# Taptalk



## Letty (Dec 28, 2012)

I just bought this but I don't know what the hell to do with it? 

can you only use it for the forums in their list because the ones I use are not there and how do you add to favourites please ?


----------



## Xopher (May 14, 2009)

When you open a forum for the first time, it will get added to the favorites list. It will also keep your login information for you so you can go right back in the next time you access the forum.

Once you are in a forum, hold on a category to subscribe to it. Depending on the forum, there may be a popup about receiving email alerts (if you want them). Once you have subscribed to a category, it will be added to your favorites list for that forum.


----------



## Letty (Dec 28, 2012)

cool thanks for that xopher ,I will go an  try it


----------



## gregm (Feb 14, 2013)

Also the FORUM has to have Tapatalk installed.

Thousands do. If your fav forum doesn't have it installed, request them to do so.

I manage 4, and have installed it on all of them.
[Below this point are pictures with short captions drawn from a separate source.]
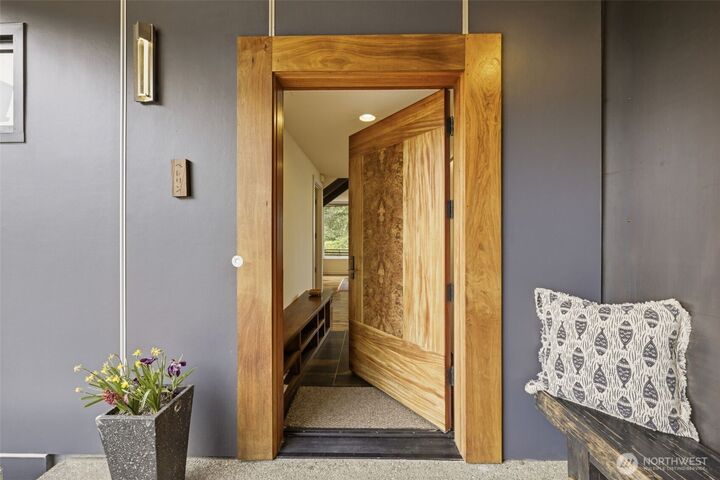 Property Photo:  4019  131st Place SE  WA 98006 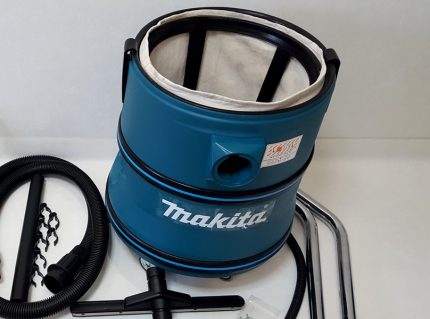 Le boîtier avec un aspirateur de type sac à poussière Makita Réservoir d'aspirateur Makita avec sac à poussière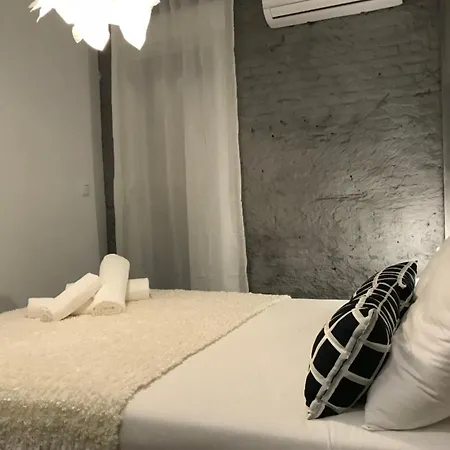 Pequeño Con Mini Piscina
Users like it much more than a conventional web browser for reading/replying on forums.


----------



## Guest (Apr 27, 2013)

Thank you xopher and Letty for yours valuable information about Tapatalk. There are many person have, they are also not know about Tapatalk.


----------



## Sueracs (Apr 19, 2013)

Letty said:


> cool thanks for that xopher ,I will go an try it


Have you done it? If so, then feel free to share your feelings to solve the problem.
If not, please don't hesitate to ask us.


----------



## Magg45 (Jul 26, 2013)

When I was start making my own forum, I was make searching on Taptalk software for live chat upon all group members. So that I've downloaded but, its not perform well now, gregm, Can you please show me here more about how to make it?


----------



## DaveinJapan (Jun 20, 2013)

Great info, thanks everyone. I downloaded the app but didn't quite know what to do with it until I happened upon this thread!


----------



## Bigal-sa (Mar 27, 2010)

Is there something wrong with the forum-side Tapatalk at the mo? I'm logged in, can see everything up to the list of threads, but as soon as I open a thread, there's nothing. It's working fine from a browser on the same device (Nexus 7 with Android 4.4.2). Other forums are working fine. 

Tapatalk 4.3.4


----------



## Betsy the Quilter (Oct 27, 2008)

Sometime, using Tapatalk on my Fire, I get the blank screen when I tap on a thread and I have to go back to the list of topics and tap on the thread again.  As far as I can tell, it's a Tapatalk problem.  It doesn't always happen

Betsy


----------



## Bigal-sa (Mar 27, 2010)

Betsy the Quilter said:


> Sometime, using Tapatalk on my Fire, I get the blank screen when I tap on a thread and I have to go back to the list of topics and tap on the thread again. As far as I can tell, it's a Tapatalk problem. It doesn't always happen
> 
> Betsy


Thanks Betsy. That trick seems to work, albeit with three tries sometimes. I just gave up too soon yesterday. It was very frustrating as I was looking for something new to read.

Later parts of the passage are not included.